Car Joël a compris que Boris n’était qu’un pantin manipulé, un homme profondément bon poussé à l’infanticide du Tsarévitch par les intérêts des boyards, et que seule sa culpabilité détruit à petit feu. Chouiski manipule dans cette mise en abîme du drame de Pouchkine « son » Tsar, sa créature. Le profil aigu que lui donne Philippe Langridge renversait toute la dramaturgie classique de Boris Godounov, et il fallait bien un acteur aussi fabuleux que le ténor anglais pour tenir un tel pari : si il vient de fêter en décembre dernier ses soixante cinq ans, il ne les avoue pas, ni vocalement ni physiquement. Dans ce renversement des rôles, Chouiski devenant le maître du jeu, la scène de la rencontre entre Boris et l’Innocent (Léonard Pezzino, qui en remontrerait à Ivan Kozlovski lui-même) prenait tout son sens.

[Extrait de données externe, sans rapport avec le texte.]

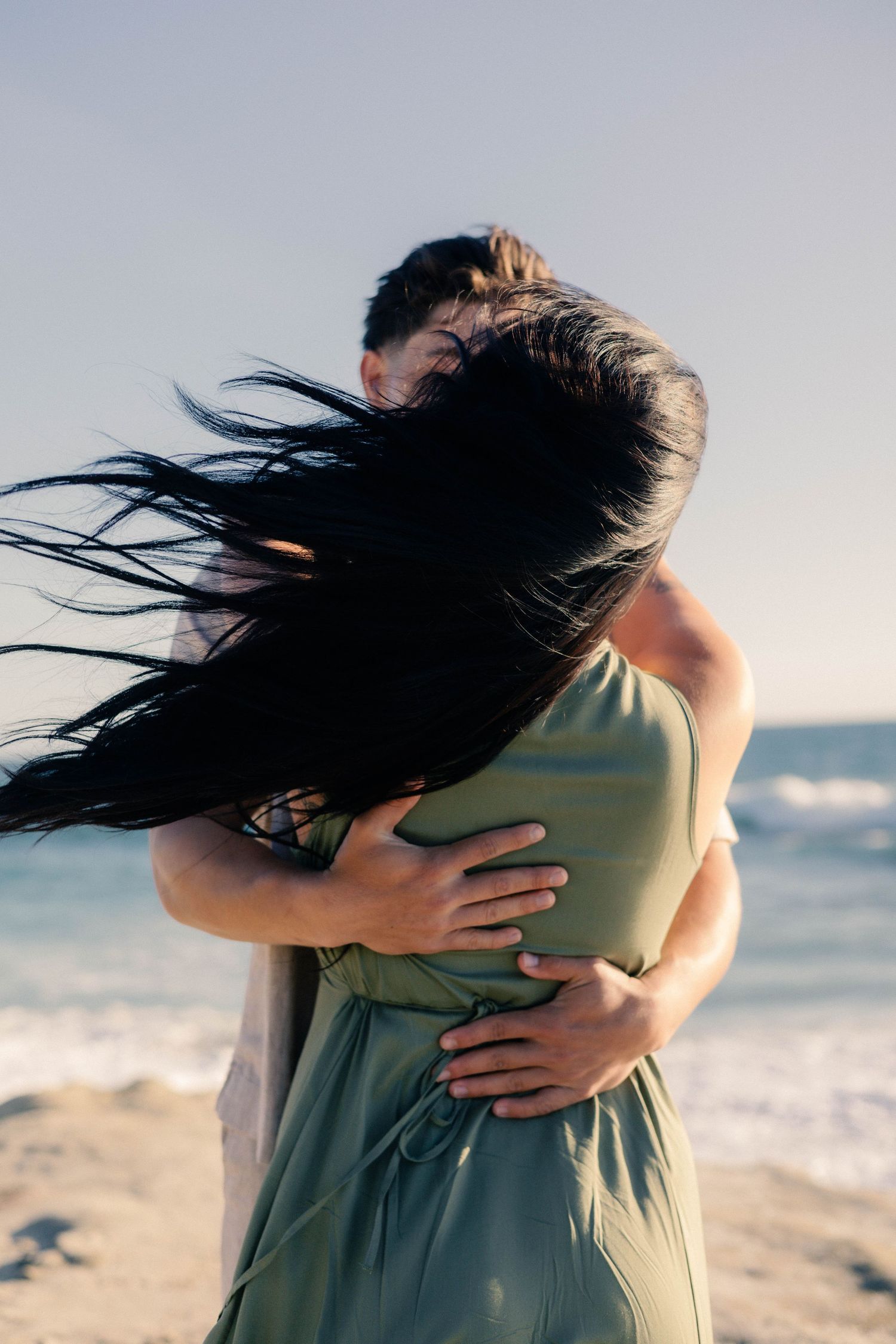 Couple sharing a close embrace on the beach, womans long dark hair blowing in the wind.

Mais la révélation de cette reprise fut le Pimène d’Alexander Anissimov. Voix de bronze, cette immense basse russe (au propre comme au figuré, il dépasse même d’une bonne tête Konstantinov qui jusque là passait pour un géant) campe un moine d’une humanité bouleversante, en même temps que d’une autorité immanente. On rêve de son Dosifei, il faut que Toulouse lui offre d’urgence une Khovanshchina. La scène de l’auberge montrait un quatuor parfait, le faux Dimitri (Grigori) au timbre héroïque de Viktor Afanasenko, contrastant à la perfection avec le trio comique formé par Varlaam (succulent Dmitry Ulyanov), Missaïl (Christer Blandin, quel ressort, quelle santé !) et l’Aubergiste sans vulgarité d’Irina Gelakhova.
L’entourage du Tsar permettait de découvrir le Fiodor si émouvant de Luisa Islam-Ali-Zade, et de retrouver en Nourrice Stefania Toczyska. Dans la fosse, hélas, Bernhard Kontarsky décevait, incapable de susciter l’orchestre rogue, aux timbres bruts, de la version originale, présentée ici avec courage, car il faut continuer à défendre celle-ci contre les splendeurs de l’orchestration de Rimsky-Korsakov décidément trop éloignée du projet initial de Moussorgsky que cette mise en scène, situant l’action au temps de la révolution bolchevique, a si pertinemment saisi.
Jean-Charles Hoffelé
Boris Godounov de Modest Moussorgsky, Théâtre du Capitole, le 17 avril 2005.